The Circle of Concerned African Women Theologians, formed in 1989, has encouraged Christian women from the African continent to produce and publish biblical and contextual hermeneutics. Some of the contributions have been published in Other Ways of Reading: African Women and the Bible (Dube 2001). The authors discuss storytelling methods, reading with and from nonacademic readers, toward a postapartheid black feminist reading, and the divination method of interpretation. The volume demystifies the notion of biblical canon, showing how women of the African continent have read the Bible with the canon of various African oral cultures. Aspects of African cultures serve as theories for analyzing the Bible.
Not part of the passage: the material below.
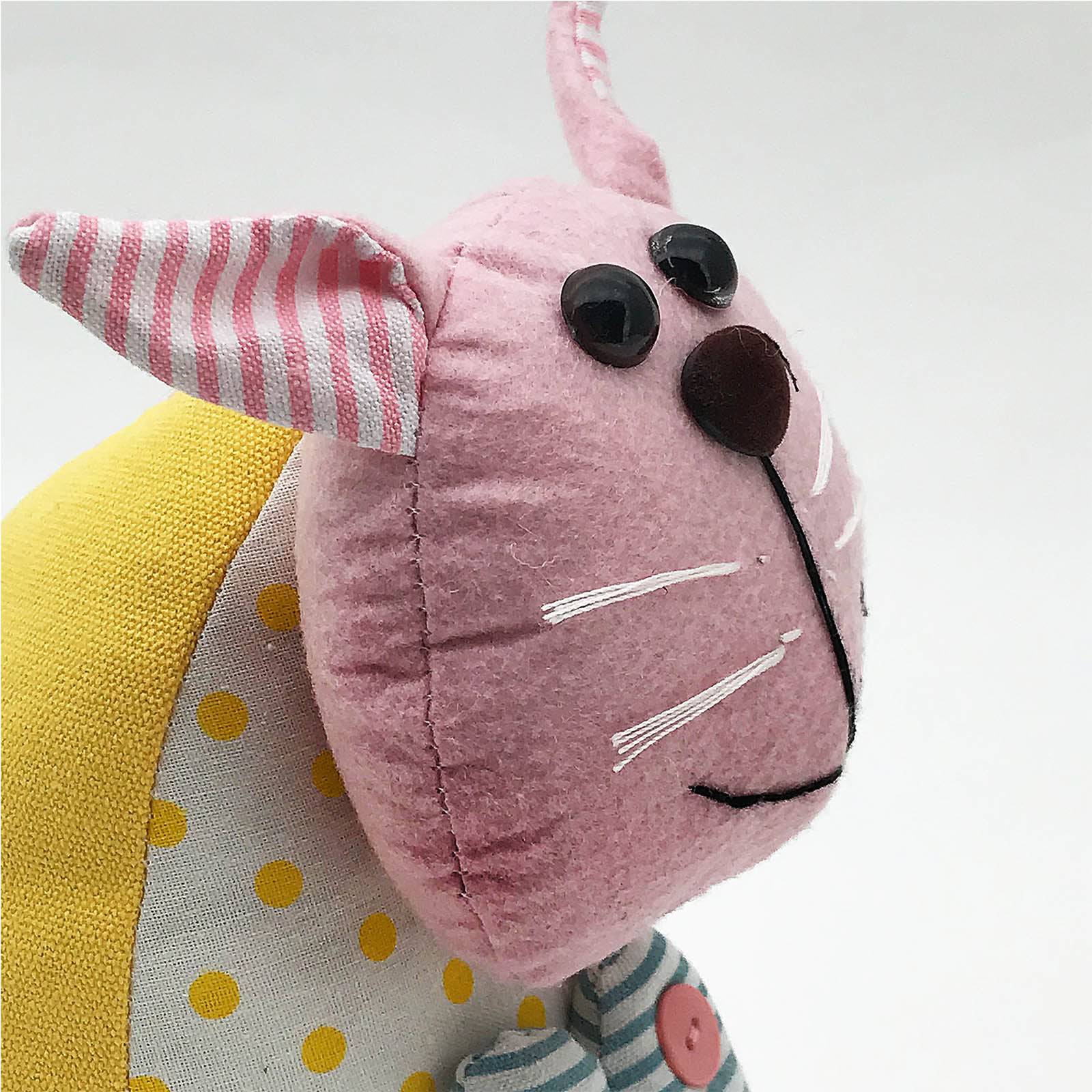 Handmade Cute Cat Animal Decorative Doll/Door Stopper T11217B -  Doll/Door stopper - ebarza Furniture UAE | Shop Modern Furniture in Abu Dhabi & Dubai - مفروشات ايبازرا في الامارات | تسوق اثاث عصري وديكورات مميزة في دبي وابوظبي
The volume is also conversant with feminist readings from other parts of the world, and in particular with African American women’s hermeneutical approaches.

The HIV and AIDS epidemic brings enormous loss of life and suffering in the African continent, and the virus has spread mostly among heterosexual people. There is an increasing concern that in the sub-Saharan region, HIV infects more women than men. Musa Dube has played a key role in helping the African churches and theological institutions in addressing HIV and AIDS issues. In The HIV and AIDS Bible (Dube 2008), she implores scholars to develop biblical scholarship that is prophetic and healing. She challenges patriarchy and gender justice, and urges the churches to move beyond their comfort zone to respond to people affected by the virus. The church is HIV positive, she claims. Reading with people living with AIDS allows her to see the potential of the Bible to liberate and heal. She brings new insights to reading the miracles and healing stories of Jesus, such as the healing of Jairus’s daughter (Mark 5:21–43). Her reading breaks the stigma and silence around HIV and AIDS while calling for adequate and compassionate care, and placing the HIV and AIDS epidemic within the larger context of other social discrimination.

The biblical readings from the Global South contribute to a global scholarship that takes into account other religious texts and classics in what is called intercultural and cross-textual reading (Lee). It is also interpreted through the lens of oral texts and retold and performed through storytelling, role-play, and skits. The exploration of these methods decentralizes Eurocentric modes of thinking that have gripped biblical studies for so long. It allows us to see the Bible and the world with fresh perspectives and new insights.